Sidney Guzman

Personal information
- Full name: Sidney Guzman Villacosta
- Nationality: Peru
- Born: 12 October 1977 (age 48) Lobitos, Talara, Peru
- Height: 1.65 m (5 ft 5 in)
- Weight: 60 kg (132 lb)

Sport
- Style: Greco-Roman
- Club: Club Lucha Orlando Ochoa
- Coach: Luis Jery Caceres

Medal record
Men's Greco-Roman wrestling
Representing Peru
Pan American Games
| Bronze medal – third place | 1999 Winnipeg | 58 kg |

= Sidney Guzman =

Peruvian Greco-Roman wrestler

Sidney Guzman Villacosta (born October 12, 1977 in Lobitos, Talara) is a retired Peruvian Greco-Roman wrestler, who competed in the men's lightweight category. He earned a bronze medal in the 58-kg division at the 1999 Pan American Games in Winnipeg, Manitoba, Canada, and later represented his nation Peru at the 2004 Summer Olympics, finishing fifteenth in the process. Guzman also trained throughout his sporting career for Orlando Ochoa Wrestling Club in Lima under his personal coach and mentor Luis Jery Caceres.

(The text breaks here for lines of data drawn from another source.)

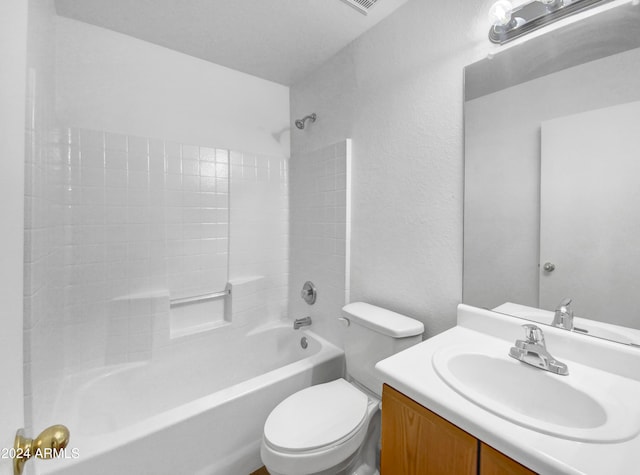 full bathroom featuring toilet, shower / bathing tub combination, and vanity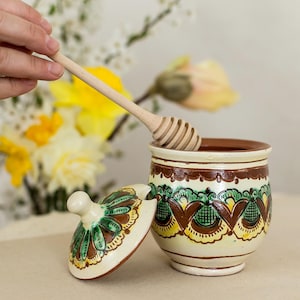 May include: A ceramic honey pot with a decorative lid and a wooden honey dipper. The pot is cream-colored with brown and green floral designs. The lid is off to the side, and the dipper is in the pot.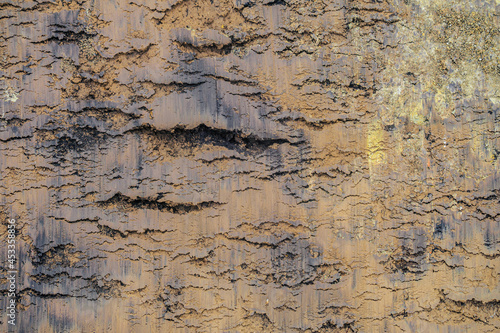 Geological slice of natural clay ground. Texture of flat surface natural red-brown clay.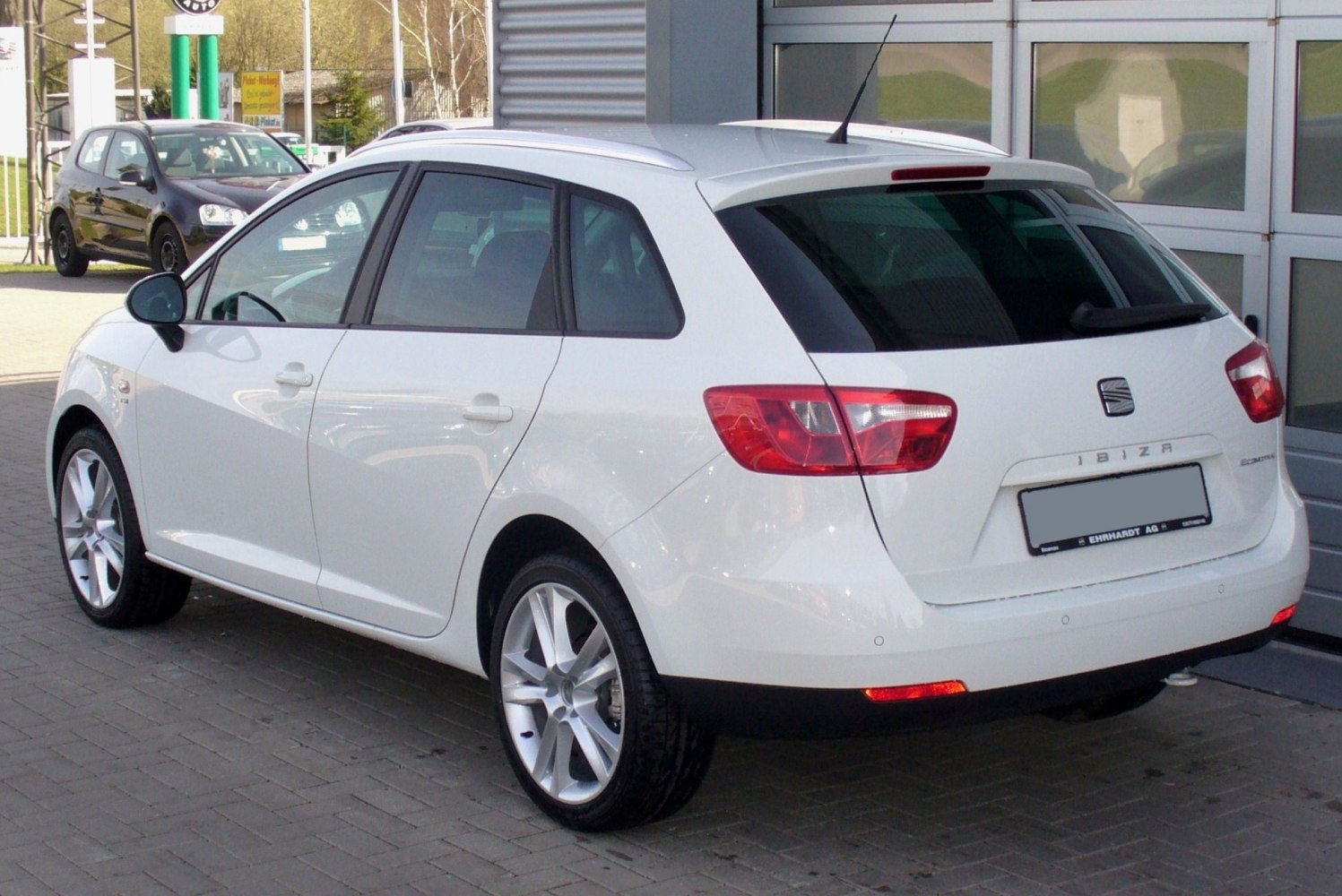 Rear view of white station wagon with distinctive tail lights and rear window
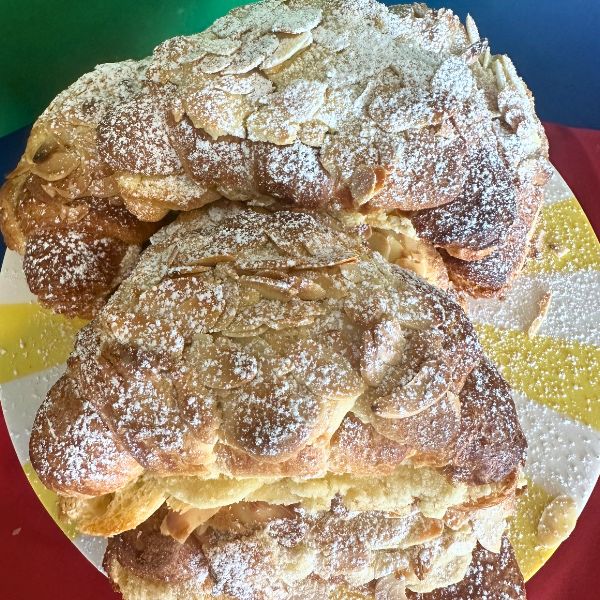 Almond Croissant icing sugar Almond Croissant dusted with icing sugar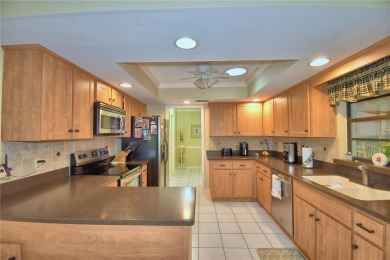 Discover this well-maintained 3-bedroom, 2.5-bath home on Cypresswood Golf and Country Club in Florida - for sale on GolfHomes.com, golf home, golf lot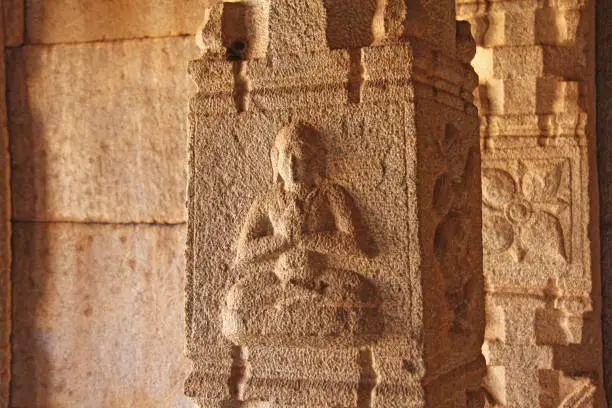 Stone bas-reliefs on the column in Hazara Rama Temples Hampi. Carving stone ancient background. Carved figures made of stone. Unesco World Heritage Site. Karnataka, India. Buddha, Krishna.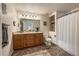 Bathroom featuring a double vanity, tiled floors, and shower-tub combo at 13642 Wrangler Way, Mead, CO 80542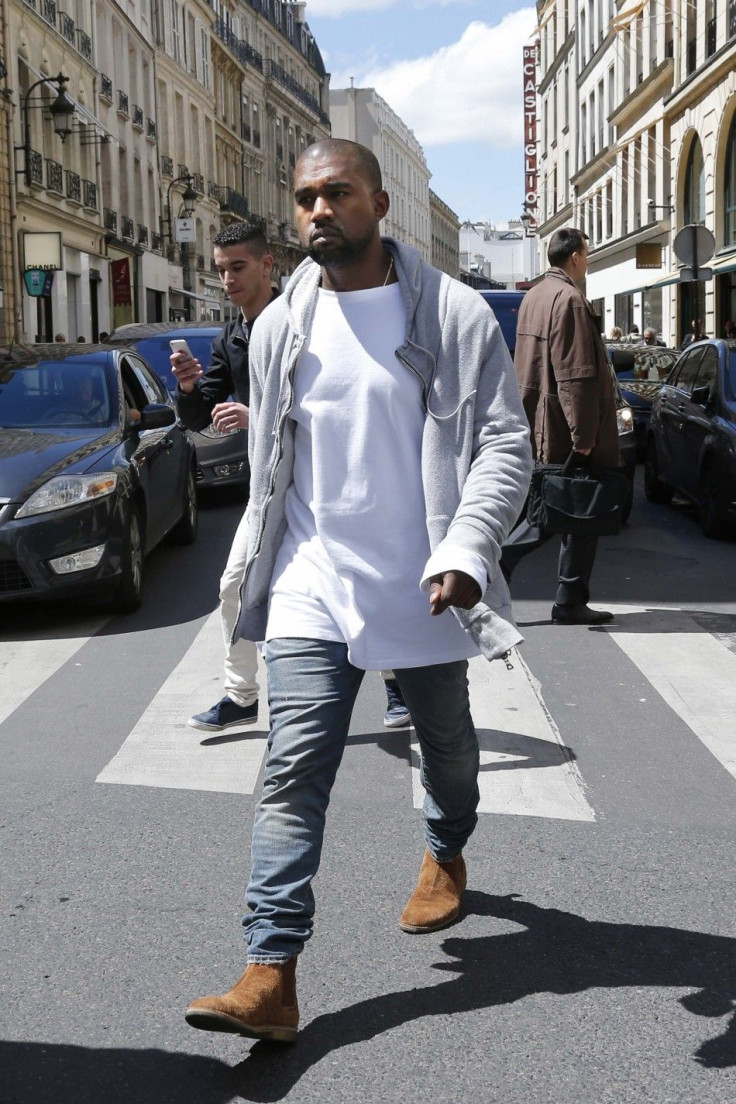Rapper Kanye West arrives at a fashion designer shop in Paris May 22, 2014.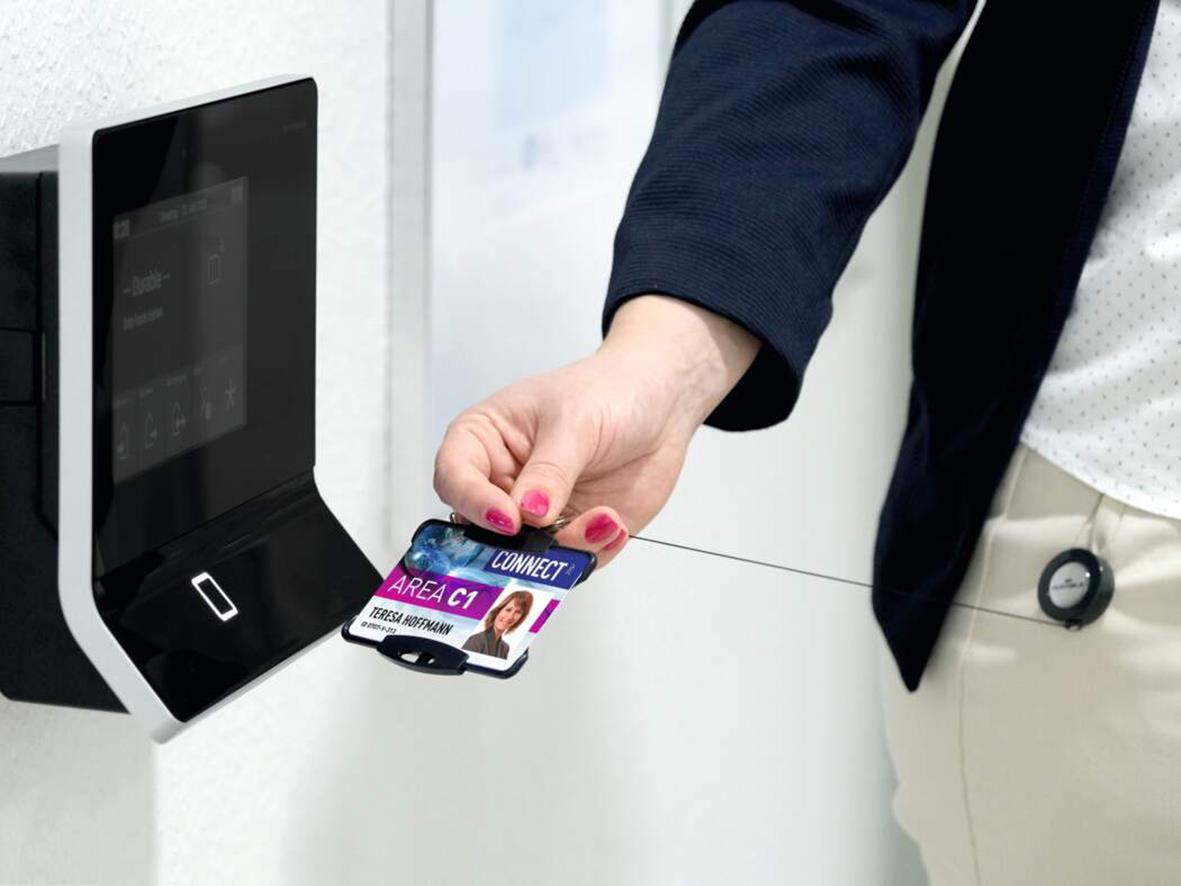 Person använder korthållare för ett ID-kort vid en kortläsare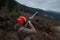 A man wearing a jacket, blaze orange hat and ear protection holds an old double barrel shotgun, aiming and shooting at orange clay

Guzman qualified as a lone wrestler for the Peruvian squad in the men's 60 kg class at the 2004 Summer Olympics in Athens. Earlier in the process, he placed second at the Pan American Championships in Guatemala City, Guatemala, but managed to fill up an entry by the International Federation of Association Wrestling through a tripartite invitation. He lost his opening match to Japan's Makoto Sasamoto on technical superiority, but bounced back to eclipse Serbia and Montenegro's Davor Štefanek in overtime with a 3–1 decision during the prelim pool round. Placing second in the pool and fifteenth in the final standings, Guzman failed to advance to the quarterfinals.